When Malaysia Airlines flight 17 crashed in Ukraine Thursday, the whole world took notice. With nearly 300 deaths, it was the deadliest aviation accident since 9/11. The story led newspaper front pages everywhere, but not in Russia.
The Guardian looks at what did make the front pages of Russia's newspapers. The state-run Rossiyskaya Gazeta led with a story about the eating habits of Russians, while other papers led with new US sanctions. State TV reported on the incident, but blamed the plane crash on the Ukrainian government.
Replace your plastic wrap for food with pearls — WikiPearls, that is
Imagine picking up a little ball of yogurt, rinsing it off and popping it in your mouth. Or doing the same thing with ice cream — or even soup. It seems improbable, that yogurt or soup could be packaged in something that resembles a grape, but a Harvard researcher has created edible coatings for food that act like the skin of a fruit. His company, WikiFoods is now selling this bite-size foods in the Boston area under the brand name, WikiPearls.
PRI's Innovation Hub talked to David Edwards about his goal to reduce packaging and waste, by using membranes that protect food, taste good, and even have nutritional value.

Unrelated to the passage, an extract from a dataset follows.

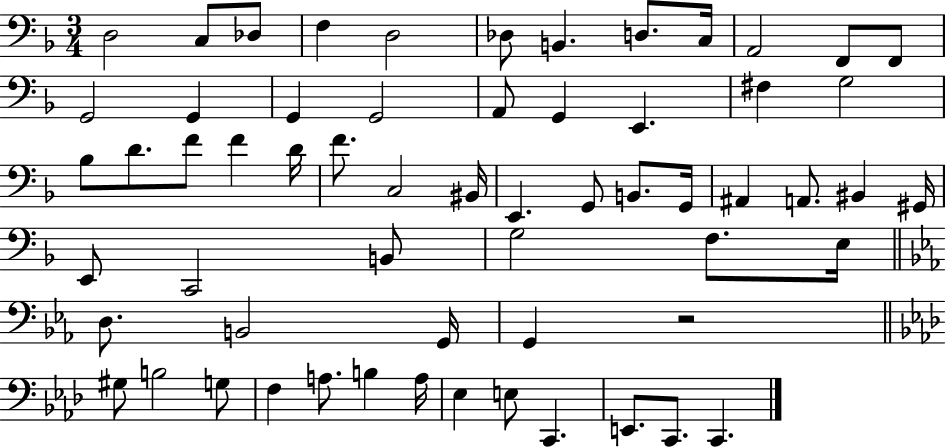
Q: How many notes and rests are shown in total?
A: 61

This British river is resistant to antibiotics
Scientists taking samples of the River Sowe near Coventry made a shocking discovery this week. The river's soil contained microbes with mutated genes that confer resistance to the latest generation of antibiotics, according to The Independent.
Researchers blame the genetic mutations on waste-water treatment plants, which they describe as "mixing vessels" where antibiotic resistance spreads from one organism to another. "We were not expecting to see these kinds of levels of resistance to [antibiotics] in the environment. It is quite staggering," said professor Elizabeth Wellington, who led the study.
And this Boston bridge is knitting communities together
Silvi Naci and her family moved to Boston from Albania in 2001. One early memory from Albania was of the women in her community gathering in the afternoons to knit and talk. When Naci grew up and became an artist, she decided to help build community using her art.
She was running across a pedestrian bridge from Cambridge to Boston last year during the Boston Marathon when the bombs went off near the finish line. So for her next project, she decided to encourage the community to come together through knitting ... for the bridge.
Thus was born the Joining Project. PRI's The World talked to Naci and has photos of the knitting that now adorns the bridge. Naci goes regularly with a ball of yarn to do repairs and add new knitted squares from volunteer artists.
What we're seeing on social
Weather around the world
Typhoon Rammasun brought more than seven inches of rain to China's Hainan Island in less than six hours on Friday, causing widespread flooding. The storm continues to press west, with the eye of the storm approaching mainland China, according to AccuWeather.